Section 128B(5) creates a shortcut to establishing that a bankrupt was intending to defeat his creditors in making superannuation contributions. In the absence of proper books and records of the bankrupt’s business, the section presumes the bankrupt was insolvent, which in turn deems the relevant purpose to exist. But records of what business?

In the case of Re Andrew Superannuation Fund v Sijabat [2023] FCAFC 6, the Full Federal Court considered for the first time the scope of this presumption as it applies to superannuation contributions made prior to bankruptcy.

Facts

The appellant (Mr Do) made contributions to his superannuation fund over several years. In mid-2010, the appellant’s dental practice ceased trading and ultimately he became bankrupt. His trustee in bankruptcy sought to recover the superannuation contributions.

Primary Court Decision

The Trial Judge in the Federal Circuit and Family Court of Australia (Div 2) made an order that payments made by the appellant into the superannuation fund during the relevant financial years were void due to the provisions in s 128B of the Bankruptcy Act 1966 (Cth) (‘the Act’).

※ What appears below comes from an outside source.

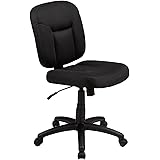 Amazon Basics - Sedia da ufficio in tessuto, Ergonomica, Regolabile in altezza, Nero, 48.9 x 60.96 x 97.16 cm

Importantly the Trial Judge found that the appellant was deemed to be insolvent (and therefore have had the intention of defeating his creditors by making the contributions) because of a finding pursuant to s128B(5) that the bankrupt had failed to keep books and records “in relation to the business carried on by [the bankrupt]”. The bankrupt and his super fund appealed.

The Bankruptcy Act

Section 128B of the Act allows a bankruptcy trustee to recover superannuation contributions made with the intention to defeat creditors of a bankrupt.

Section 128B(1) states that a transfer of property by a person who later becomes bankrupt (transferor) to another person is void if:

(c) The transferor’s main purpose in making the transfer was:

  • To prevent the transferred property from becoming divisible among the transferor’s creditors or
  • To hinder or delay the process of making property available for division among the transferor’s creditors.

Section 128B(2) deems a bankrupt to have had the intention of defeating creditors if the bankrupt was (or was about to become) insolvent at the time of the transfer.

In turn, a rebuttable presumption of insolvency arises under s 128B(5) of the Act if it is established that the transferor:

  • had not, kept such books, accounts and records as are usual and proper in relation to the business carried on by the transferor and as sufficiently disclose the transferor’s business transactions and financial position or
  • having kept such books, accounts and records, has not preserved them.

The emphasised words became critical in the appeal. No case had previously determined the scope of the presumption in s128B(5) or how it is to operate in the context of the voidable transaction regime in s128B (or indeed the equivalent regime in s121 relating to general transfers to defeat creditors).

Full Federal Court Decision – What Business?

On appeal it was argued that the trial judge had failed to identify which “business” was the relevant one for the purposes of consideration, the presumption in s128B(5), and therefore what books and records ought to have been kept.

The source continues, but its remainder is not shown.